Within the context of the American historical and cultural imagination, any mention of the pre-Civil War South conjures up romantic images of plenty, images of stately elegant mansions, dashingly gallant men, and genteelly demure women.
However, this image purposely glosses over the other realities of the pre-Civil War South. First of all, it does not include the innumerable exploited and abused black bodies, on the backs of whom this idyllic, overly romanticized image rests, financed by the enormous profit gained by virtue of their coerced labor. In addition, and most importantly for this piece, this image excludes that vast pre-Civil War population of whites that did not profit and grow rich from the institution.
In fact, for most of this vast population, slavery actually proved detrimental to their economic well-being. The very presence this institution, supported by the free, unpaid labor force of enslaved men and women, severely limited the avenues of economic and educational opportunity and upward mobility, leaving them painfully ignorant, poor as church mice, and raggedy as mango seeds.
However, slavery functioned as much more than an economic system. It also functioned as a social system. And within this social system, slavery acted as a mechanism of control, keeping at bay any threat of revolt by its discontents, that economic class of poor whites it produced.
In what might have been the one of the earliest precursors to the modern Jedi mind trick, within the caste-like social system of slavery in which race served as a sign determining inclusion or exclusion, free man or slave, their whiteness offered them a somewhat timorous place of status and privilege vis-à-vis the enslaved blacks.
In other words, in their minds they figured that though they may have indeed been painfully ignorant, poor as church mice, and raggedy as mango seeds, their whiteness excluded them from the basement, the very rock bottom tier, of that social system, slavery, and guaranteed them a certain measure of access to and inclusion in that system, so they embraced and supported that system, even against their own interests.
This fact alone kept them content, and in this way, whiteness became invested with a certain exaggerated value, transforming it into a currency of sorts.
However, the pre-Civil War Southern leadership class, those dashingly gallant men who owned the stately elegant mansions built from the profits of coerced black labor, bet it all on succession and promptly lost, and the institution of slavery, along with its built-in social system, fell, threatening the value of whiteness as currency and its usefulness as a mechanism of control.
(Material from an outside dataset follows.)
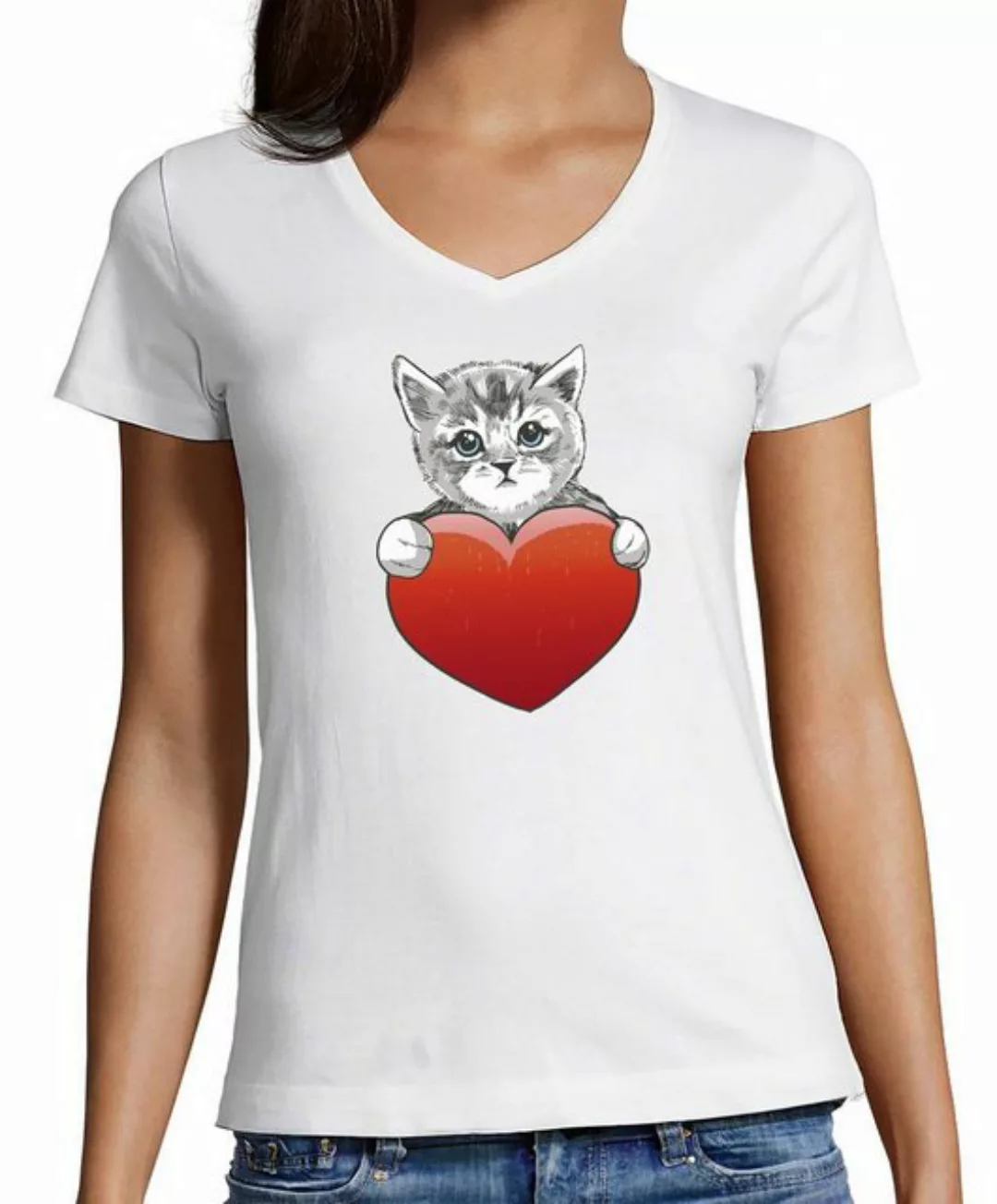 MyDesign24 T-Shirt Damen Katzen Print Shirt bedruckt - Katze mit rotem Herz günstig online kaufen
The members of that Southern leadership class, realizing that social system to be key to them retaining their power and reassuming their place of wealth and prominence, devised and instituted the Jim Crow system to replace it, returning value to the currency of whiteness.
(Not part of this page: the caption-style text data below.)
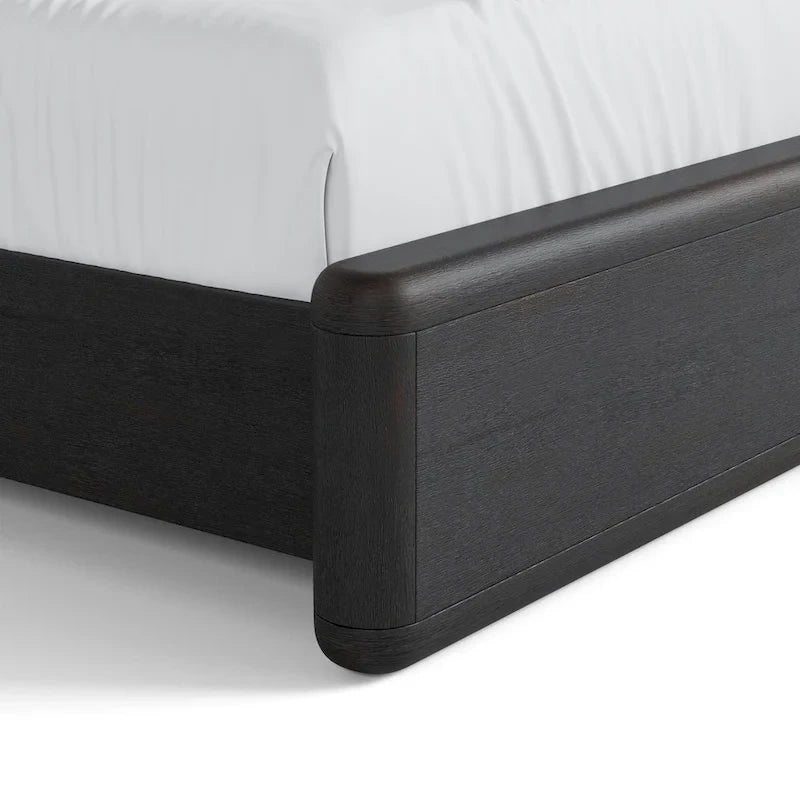 Letto moderno in legno massello nero con pannelli scanalati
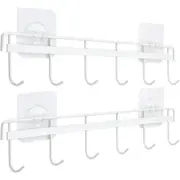 Yizhi 2 Pack Adhesive Wall Hooks Utensil Holder Rack Kitchen Rail, Space Saving Utensil Hanger No Drilling Wall Mounted Accessory Hanger with 6 Hooks for Kitchen Bathroom Bedroom
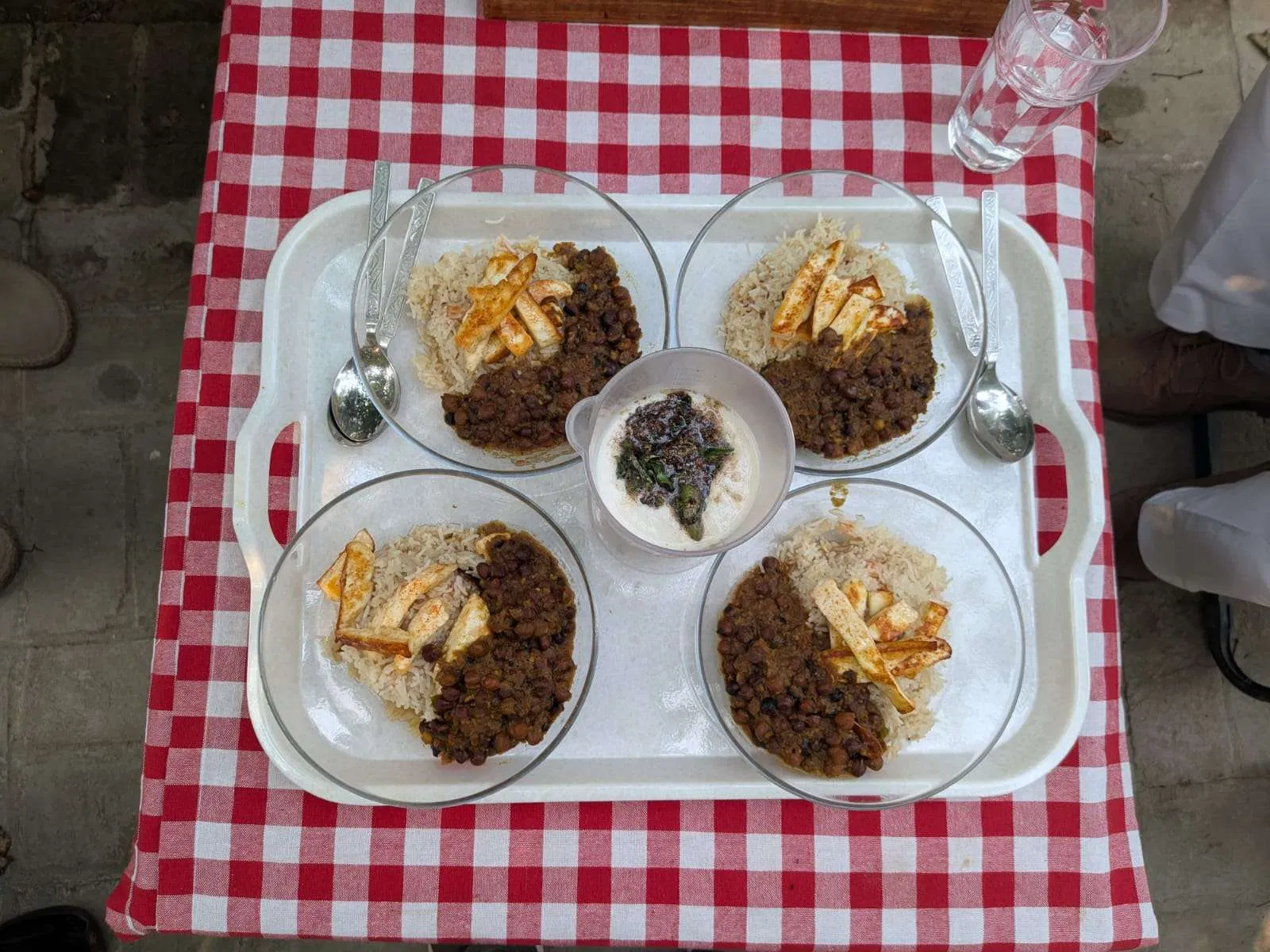 A meal shared at a checkered table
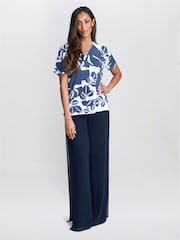 Gina Bacconi Blue Barbie Lightweight Short Sleeve Sweater With Diamante Detail - Image 3 of 5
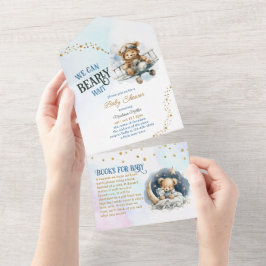 Teddy Bear Vliegtuig Flying Boy Baby shower All In One Uitnodiging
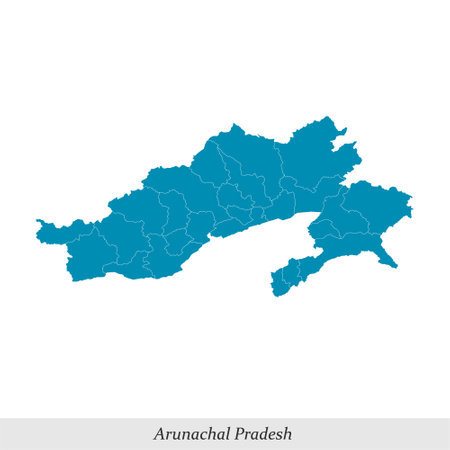map of Arunachal Pradesh is a state of India with borders districtsのイラスト素材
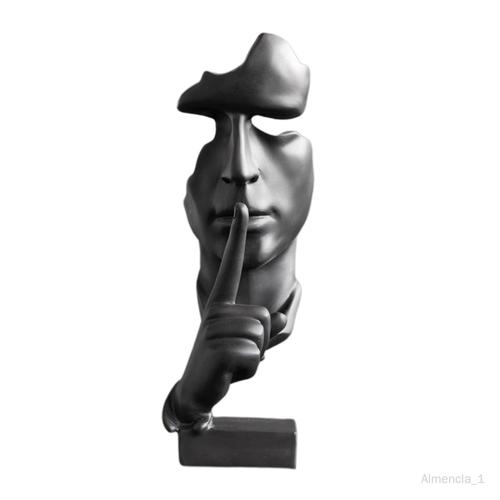 Almencla Silence est Penseur Statue, Moderne et Simple Résine Abstrait Creative Figurine Sculptures pour Entrée Salle , bureau Étude, Piano gris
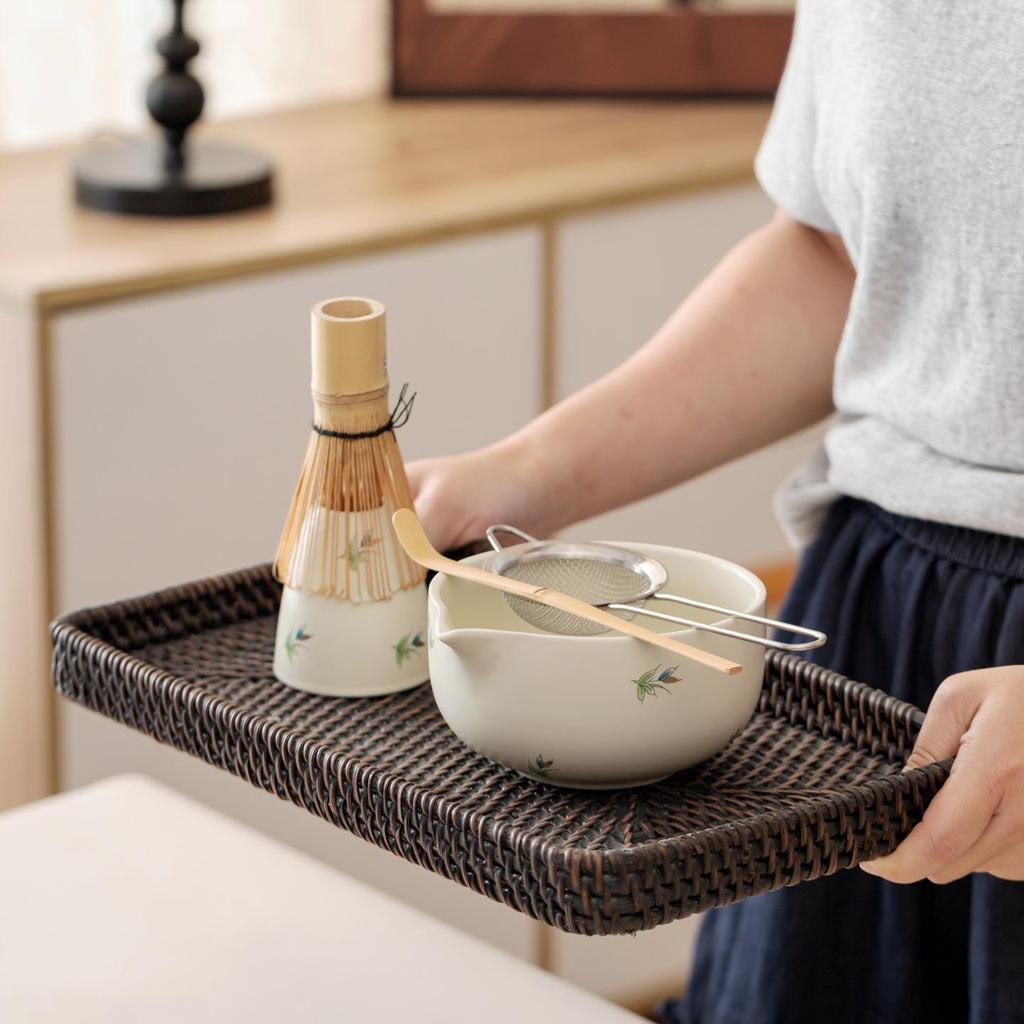 Japanese Forget-Me-Not Ceramic Matcha Bowl Set with Whisk & Spoon - Inspired by Song Dynasty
Then, in the 1960’s, the Democratic Party, the political party of the new leadership class in the South, began to champion the Civil Rights Movement, which tore down the system of Jim Crow, thereby undermining and devaluing the currency of whiteness, and enraged Southerners, the Dixiecrats, fled the Democratic Party for Republican Party in droves, attracted by the openly racial rhetoric of presidential candidate Richard Nixon’s Southern Strategy and its implicit promise to return value to the currency of whiteness.
And there they have remained until this very day, supporting the party and faithfully voting for republican candidates year after year, election cycle after election cycle, even against their own interests.
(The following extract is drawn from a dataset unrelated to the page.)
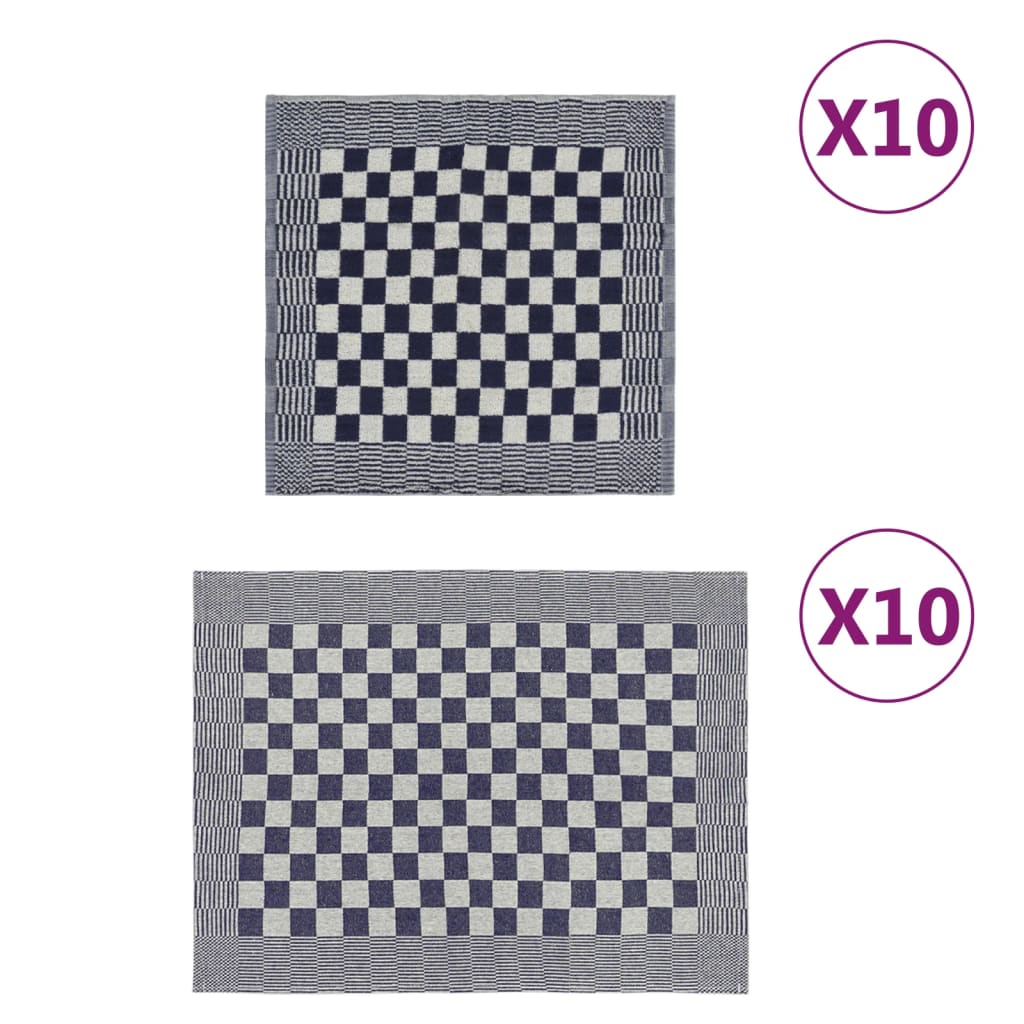 vidaXL 10 Piece Towel Set Black and Grey Cotton blue and white 20 vidaXL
Yet, after all this time, it seems to seem to them, the Republican Party has failed to deliver its implicit promise to return value to the currency of whiteness. In fact, it seems to seem to them, not only has the Republican Party failed to deliver its promise, it has haplessly allowed itself to become inextricably ensnared in a tar pit of political correctness and no longer possesses the will or the courage to even call a spade a spade, so to speak.
So, a sense of indignant race and discontent, repressed since the 1960’s, returns to the fore, where it has simmered, barely contained, just beneath the surface.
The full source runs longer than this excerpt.